「客観事実」と「自分の声」はセットで記す
さて、道中メモに書くことは、旅の行程やイベントなど、身の回りに起きたことだけではありません。家に帰ってやることや帰りに買っておくもの、家族に話したくなったこと、思い出した昔の話など、旅に関係のないアイデアなど、思いついたことは何でも書いておきます。内容に着目してみると、道中メモは大きく分けて以下の2種類になります。
・「客観事実」を記録しておくためのメモ
・「自分の声」を記録しておくためのメモ
「客観事実の記録としてのメモ」は、行程や食べたものなど、正確な情報を残しておくためのものです。たとえば、「○時△分に金沢駅に到着」とか、「昼ごはんはシラス丼を食べた」とか、「ガイドさんがあの名画についてこんなエピソードを紹介していた」とかいった単純な情報のことです。

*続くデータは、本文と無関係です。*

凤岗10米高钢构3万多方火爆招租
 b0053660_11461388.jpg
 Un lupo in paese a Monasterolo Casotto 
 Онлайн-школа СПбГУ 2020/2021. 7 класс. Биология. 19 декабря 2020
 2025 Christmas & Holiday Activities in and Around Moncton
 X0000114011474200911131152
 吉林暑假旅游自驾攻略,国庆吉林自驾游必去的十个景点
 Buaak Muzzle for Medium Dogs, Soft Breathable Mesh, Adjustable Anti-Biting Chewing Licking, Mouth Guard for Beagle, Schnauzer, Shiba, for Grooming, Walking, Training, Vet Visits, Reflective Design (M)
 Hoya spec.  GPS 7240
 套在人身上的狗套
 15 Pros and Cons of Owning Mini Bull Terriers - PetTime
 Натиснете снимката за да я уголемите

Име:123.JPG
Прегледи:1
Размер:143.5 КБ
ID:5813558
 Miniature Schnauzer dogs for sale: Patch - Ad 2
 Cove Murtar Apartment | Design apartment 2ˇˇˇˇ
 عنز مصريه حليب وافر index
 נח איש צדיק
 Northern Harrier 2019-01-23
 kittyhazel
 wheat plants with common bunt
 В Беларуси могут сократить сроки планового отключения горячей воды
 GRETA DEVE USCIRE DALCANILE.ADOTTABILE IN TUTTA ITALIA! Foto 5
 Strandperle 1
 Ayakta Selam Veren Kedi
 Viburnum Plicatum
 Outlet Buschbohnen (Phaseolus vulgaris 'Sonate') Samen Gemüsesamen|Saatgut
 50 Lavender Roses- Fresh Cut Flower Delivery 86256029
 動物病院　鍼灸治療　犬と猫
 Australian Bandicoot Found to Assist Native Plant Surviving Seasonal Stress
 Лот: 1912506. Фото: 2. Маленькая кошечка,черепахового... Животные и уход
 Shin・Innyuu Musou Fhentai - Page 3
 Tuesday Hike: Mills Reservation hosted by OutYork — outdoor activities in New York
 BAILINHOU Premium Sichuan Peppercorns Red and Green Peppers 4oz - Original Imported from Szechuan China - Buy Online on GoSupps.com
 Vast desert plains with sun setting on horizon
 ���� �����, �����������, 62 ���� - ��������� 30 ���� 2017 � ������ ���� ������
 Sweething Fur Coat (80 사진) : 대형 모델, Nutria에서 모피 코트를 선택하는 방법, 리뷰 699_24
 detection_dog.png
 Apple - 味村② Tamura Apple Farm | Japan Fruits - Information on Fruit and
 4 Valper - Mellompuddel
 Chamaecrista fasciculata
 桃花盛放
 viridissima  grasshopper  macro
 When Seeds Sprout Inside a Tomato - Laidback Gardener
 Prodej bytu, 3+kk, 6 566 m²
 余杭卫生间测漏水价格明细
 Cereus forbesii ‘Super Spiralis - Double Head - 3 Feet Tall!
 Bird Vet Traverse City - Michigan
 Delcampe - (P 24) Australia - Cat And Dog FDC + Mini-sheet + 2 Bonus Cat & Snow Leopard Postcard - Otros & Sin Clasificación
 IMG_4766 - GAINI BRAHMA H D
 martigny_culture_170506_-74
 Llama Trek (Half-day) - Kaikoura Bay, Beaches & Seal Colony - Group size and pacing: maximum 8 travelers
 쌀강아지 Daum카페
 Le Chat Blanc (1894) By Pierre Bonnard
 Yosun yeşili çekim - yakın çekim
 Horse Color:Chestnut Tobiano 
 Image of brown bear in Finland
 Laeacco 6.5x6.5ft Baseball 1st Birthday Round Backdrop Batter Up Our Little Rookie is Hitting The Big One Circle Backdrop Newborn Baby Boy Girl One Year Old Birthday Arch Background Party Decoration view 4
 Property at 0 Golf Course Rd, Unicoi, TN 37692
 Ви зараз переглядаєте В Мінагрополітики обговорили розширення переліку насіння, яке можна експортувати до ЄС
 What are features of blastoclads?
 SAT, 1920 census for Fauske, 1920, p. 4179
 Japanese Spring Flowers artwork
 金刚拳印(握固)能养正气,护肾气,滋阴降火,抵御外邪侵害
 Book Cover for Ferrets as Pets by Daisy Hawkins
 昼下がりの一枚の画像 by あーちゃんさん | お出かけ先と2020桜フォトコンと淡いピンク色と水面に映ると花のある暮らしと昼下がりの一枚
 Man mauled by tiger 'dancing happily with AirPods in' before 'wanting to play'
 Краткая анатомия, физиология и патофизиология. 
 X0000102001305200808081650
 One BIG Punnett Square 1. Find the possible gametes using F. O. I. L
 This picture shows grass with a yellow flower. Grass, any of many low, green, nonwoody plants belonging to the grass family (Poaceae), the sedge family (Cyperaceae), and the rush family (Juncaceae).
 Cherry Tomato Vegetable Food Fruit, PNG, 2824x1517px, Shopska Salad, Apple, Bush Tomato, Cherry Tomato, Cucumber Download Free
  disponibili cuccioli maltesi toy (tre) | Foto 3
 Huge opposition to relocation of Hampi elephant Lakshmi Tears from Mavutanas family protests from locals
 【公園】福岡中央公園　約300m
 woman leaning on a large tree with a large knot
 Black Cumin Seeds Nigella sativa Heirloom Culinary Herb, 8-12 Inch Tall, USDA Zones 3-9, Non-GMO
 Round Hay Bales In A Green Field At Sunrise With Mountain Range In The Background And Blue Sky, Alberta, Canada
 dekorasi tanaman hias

これに対して、「自分の声」とは何かというと、自分の感じたことや考えたこと、思い浮かんだことなど、「自分自身に取材したこと」です。「駅に着いたが、おなかが減って歩き回る気がしない」「シラス丼はさっぱりして腹持ちもいい」「ガイドさんの説は本当だろうか?」といったことです。
観光地や街歩きなど、「資料」がたくさん手に入る場合、訪れた場所の詳細などは資料を見ればわかるので、「客観事実」は、かなり省くことができます。反対に、山歩きなど「資料」が少ない旅では、「○時△分、五つ辻から川沿いの道を下っている」などと、自分でちゃんと記録を残しておかないと、行程を振り返ることができません。
この2種類の記録は、別々の紙に書くのではなく、セットで記録しておくといいでしょう。僕は次のように、行頭の記号で書き分けています。
○バス待合所で休憩していると、通りがかったおばさんがみかんをくれた
☆さすが四国、旅人にやさしいなあ
○印が「客観事実」、☆印が「自分の声」です。こうしておくと、あとで行程だけを振り返りたいときには「○」だけをチェックしていけばいいことになります。書くときにも、読むときにも、わかりやすくて便利な方法です。